Il n'est pas possible de négocier sur les délais comme on l'a vu, et très difficile de négocier sur le périmètre, Quantic s'engageant sur celui-ci au début. Néanmoins, Alexis nous avoue que généralement on triche sur les specifications. Si on a dit qu'un niveau entier doit etre jouable, ou que tous les personnages doivent être texturés pour une étape donné, on ne fait quand même que le minimum pour ce qui n'est pas indispensable. Niveau vide à part pour l'intrigue principale, textures de basse qualité pour les endroits éloignés, etc.

Du coup, si ni les délais ni le périmètre ne peuvent bouger, qu'advient-il de la qualité ? Et bien c'est là que tout est subjectifs. Chez Quantic, les jeux jouant beaucoup sur l'émotion, les tests des niveaux sont effectués par des humains, qui jouent et rejouent, et des playtesteurs externes. Il n'ont que très peu de tests automatisés, voire pas du tout. Ils ont de grandes sessions de QA, mais faites par des humains (un chèque cadeau de 100€ contre 3-4h de test d'un niveau).

Quantic, et Ubisoft, et finalement pas mal des grosses boites de jeu sont connues pour avoir des rythmes de développement effrenés quand les dates de milestone approchent, surtout quand la dernière arrive. Ils savent qu'après la date finale, ils ne pourront plus rajouter de contenu sur leur jeu, et ils y ont travaillé des années, par passion, ils ont envie qu'il soit parfait. Et comme ils sont aussi généralement en retard des milestones précédentes pour avoir grapillé sur les specs, ils ont beaucoup de travail à faire à la fin. Ces periodes de burn sont très durs, et il est fréquent que des démissions arrivent à la pelle après ces périodes, qui en dégoutent plus d'un de travailler dans ce milieu.

Les salaires ne sont pas mirobolants non plus, les boites jouant beaucoup sur le fait que "mais tu viens faire ta passion, travailler dans le jeu vidéo c'est pas donné à tout le monde, si tu ne veux pas de ce poste, je vais en trouver facilement d'autres, tu devrais être content."

Ce qu'il est intéressant de noter sur la composition des équipes, c'est qu'il y a autant de développeurs (une vingtaine chez Quantic en tout cas) pour la conception du moteur de jeu en lui même que pour la conception des outils internes (outils pour importer les textures, gérer les modèles 3D, gérer le motion capture, etc).

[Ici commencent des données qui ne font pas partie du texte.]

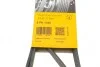 Ремінь генератора Mitsubishi Carisma 1.8i 95-06/Pajero 1.8-3.0 88-07/Volvo S40/V40 1.8i 98-04 Contitech 5PK1345 (фото 6)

Finalement dernière point intéressant pour revenir sur les différentes milestones, c'est que généralement les deux premières (pre-alpha, alpha) contiennent surtout des artworks et pas de phase de jeu, puis vient la "vertical slice", qui est censé donner une vue d'ensemble d'un niveau du jeu. Avec la musique, les effets, le scénar, le moteur 3D, etc. Bref, toutes les couches du jeu sont présentes, mais sur une durée limitée. Ce genre de production peut difficilement être réutilisée dans le projet final, et c'est donc finalement du temps "perdu" en développement, mais gagné pour le coté marketing.